Alaska Air Group closes $2.6-bn acquisition of Virgin America
15 Dec 2016
The parent company of Alaska Airlines has closed its deal to buy Virgin America, to emerge the fifth-largest US domestic carrier.
the merged entity plans to take on rivals in a bid to emerge the dominant airline on the West Coast.
Alaska Air Group closed the $2.6-billion acquisition of Burlingame, California-based Virgin America yesterday, a week after the justice department approved the deal (See: Alaska Air, US regulators near settlement on $2.6-bn acquisition of Virgin America).
Even though the operations of the two airlines would not be combined immediately, travellers could buy Virgin America tickets on the Alaska Airlines website starting Monday.
According to executives of Alaska Airlines, the newly merged airline would focus on becoming the dominant West Coast carrier, with a combined fleet of 286 planes and 18,800 employees. Between them, the two airlines operate 289 daily flights from California. On 21 December, Alaska planned to announce new daily flights from San Francisco to Santa Ana, Minneapolis and Orlando, Florida.
The acquisition of Virgin America by Alaska Air Group represented the latest in a series of airline combinations that had raised the hackles of antitrust activists.
According to industry experts, the two would eventually form a single carrier to compete with its larger rivals in battleground markets including Los Angeles and San Francisco.
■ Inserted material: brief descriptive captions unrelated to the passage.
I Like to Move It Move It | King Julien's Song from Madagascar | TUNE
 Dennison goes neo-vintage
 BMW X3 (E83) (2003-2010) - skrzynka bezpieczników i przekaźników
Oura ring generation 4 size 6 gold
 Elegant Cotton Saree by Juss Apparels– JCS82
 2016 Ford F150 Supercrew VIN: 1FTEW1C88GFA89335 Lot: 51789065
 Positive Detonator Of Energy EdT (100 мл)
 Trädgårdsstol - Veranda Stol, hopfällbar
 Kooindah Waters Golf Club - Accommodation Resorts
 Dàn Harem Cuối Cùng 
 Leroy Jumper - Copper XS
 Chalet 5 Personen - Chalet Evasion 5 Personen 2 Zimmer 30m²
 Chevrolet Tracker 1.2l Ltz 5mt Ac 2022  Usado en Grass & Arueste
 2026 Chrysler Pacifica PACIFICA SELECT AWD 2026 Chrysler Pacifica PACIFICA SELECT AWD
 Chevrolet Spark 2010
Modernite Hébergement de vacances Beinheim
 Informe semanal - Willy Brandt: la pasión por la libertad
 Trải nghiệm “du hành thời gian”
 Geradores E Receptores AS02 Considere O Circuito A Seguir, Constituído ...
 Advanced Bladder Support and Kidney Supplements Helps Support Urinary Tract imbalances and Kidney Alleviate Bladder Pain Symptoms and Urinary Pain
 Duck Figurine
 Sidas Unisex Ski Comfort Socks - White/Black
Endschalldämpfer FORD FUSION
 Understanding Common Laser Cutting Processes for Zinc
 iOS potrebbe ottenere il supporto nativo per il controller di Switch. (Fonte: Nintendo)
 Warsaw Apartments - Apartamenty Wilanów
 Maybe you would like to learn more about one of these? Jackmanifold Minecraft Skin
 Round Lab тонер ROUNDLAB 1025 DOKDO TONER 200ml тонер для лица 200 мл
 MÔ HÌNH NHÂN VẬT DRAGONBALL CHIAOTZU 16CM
''Ultimately this is going to be one airline,'' said Seth Kaplan, founding partner for the trade magazine Airline Weekly, Los Angeles Times reported in its online edition. ''Most certainly it will be called Alaska.''
By adding Virgin's routes out of California to its own dominance out of Seattle, Portland and the state of Alaska, the deal represented a bold move by Seattle-based Alaska Airlines to buy growth, according to competitors.
Brad Tilden, Alaska's CEO, said he had ''a sleepless night or two'' about the challenges ahead in merging operations, the deal would however, ensure Alaska can survive and thrive as an independent airline for decades.
''We're not going to slow down a step in Seattle. But there is a very large opportunity in California and we are going after that,'' Tilden said in an interview, The Seattle Times reported. ''It gives us critical mass. If we want to be here 10, 15 or 25 years from now, … it's good that we be bigger."